Er und sein Kameramann Bradford Young (zuletzt: Selma) schaffen dazu Bilder wie Ökosysteme, die aus dem Gleichgewicht geraten sind. Ein Amerika, in dem es nur das hoffnungsvolle Licht des Tagesanbruchs und die goldenen Sonnenuntergänge der magic hour zu geben scheint. Die klaren Kompositionen sind sie so sehr von Nostalgie überwuchert, dass wenig Anderes daneben Bestand hat. Ein betörendes Unkraut. Alles in ihnen sehnt sich so sehr nach den Zeiten, in denen Kapitalismus noch Aufstieg und Verheißung bedeutete. (Heizöl scheint so ehrlich: Ein materielles Produkt statt einer digitalen Leerstelle! Und dann bringt es den Menschen Wärme, vielleicht auch gegen die soziale Kälte.)

Trügerische Ruhe liegt über jedem Moment, selbst über solchen der Eskalation. Die schrillen Achtziger sind in diesem `81 noch nicht zu sehen, lediglich der Synthesizer-Soundtrack haucht Miami Vice und Scarface ins Unterbewusstsein. Die Kostüme scheinen wie aus Katalogen bestellt und die Leinwand gleicht einer Schaufensterscheibe. Nahezu jede Einstellung wirkt wie ein Presse-Still. Was die Kamera einfängt, bleibt im Kopf, weil es so offensichtlich erscheint. So naheliegend. Oft wächst die Eindeutigkeit einer Erinnerung mit dem Abstand zu ihrer Geburt. Natürlich ist dann auch mehr und mehr konstruiert; sie wird nicht zur Lüge, aber zur Wahrheit ohne universelle Geltung.

Im Film ergeben sich daraus zwei Widerstände, die sich nicht vollständig auflösen wollen. Wer das Vordergründige bebildert, bleibt oft dort. Wer eine Geschichte über die Korrumpierbarkeit des Individuums zu sehr ausbuchstabiert, der verliert das Kollektiv aus Individuen namens Publikum. Man spürt eine zögernde Zurückhaltung Chandors, er schlägt zu viele Vorsprünge zum Entlanghangeln in die Glätte.

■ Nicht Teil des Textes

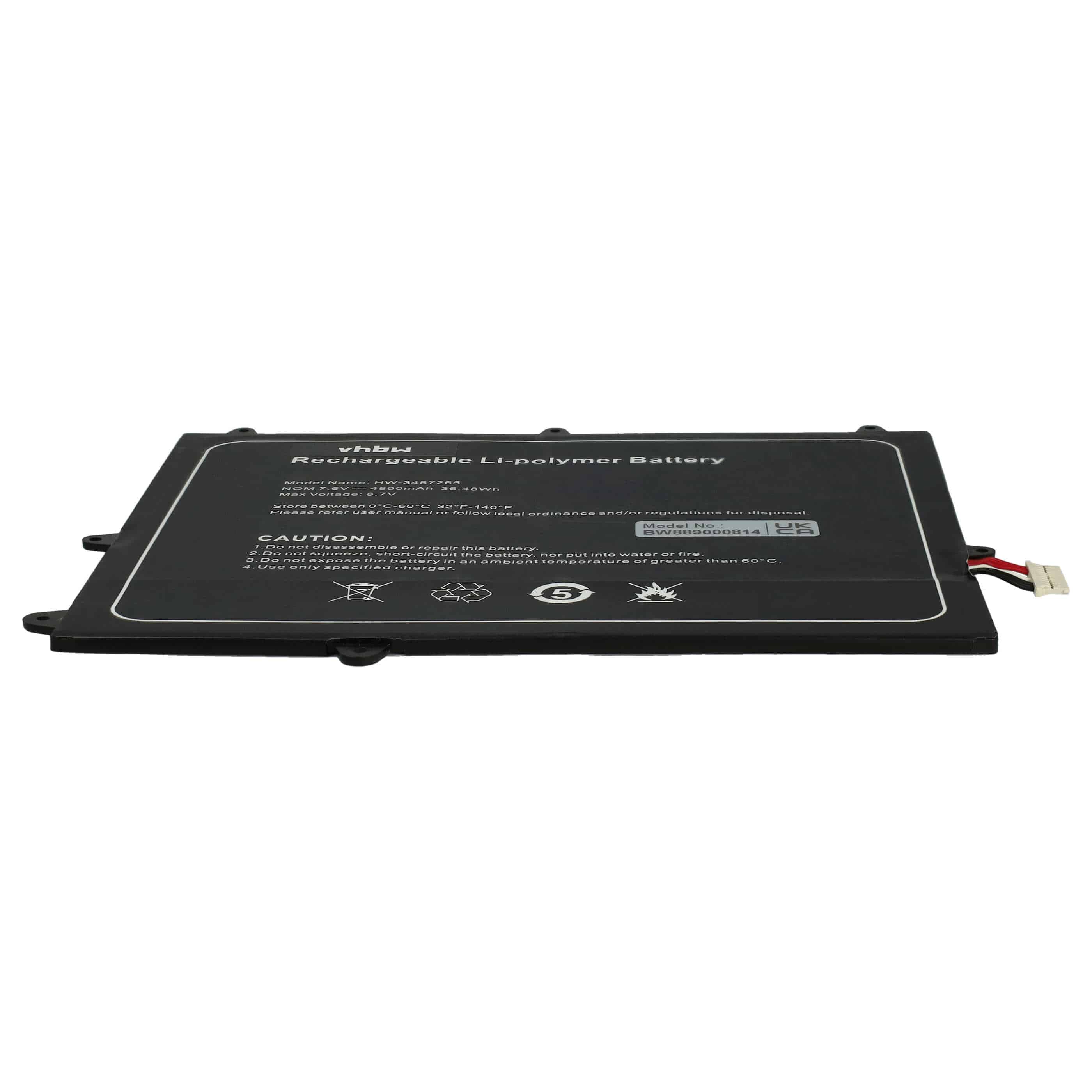 Akumulator do laptopa zamiennik Trekstor 3487265P, HW-3487265, TH116A - 4800 mAh 7,6 V LiPo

Am Ende bricht sich das Verborgene zu deutlich Bahnen. Menschen fallen, schließlich fällt ein Schuss. Er schlägt ein Leck in ein Heizöl-Silo. Im frisch gefallenen Schnee vereinen sich das Blut der Menschen und das Lebensblut der Stadt. Vielleicht ist das zu plakativ, um gefährlich zu werden, aber so leben und sterben Menschen in New York eben, nicht nur im Kino: Für ein starkes Bild.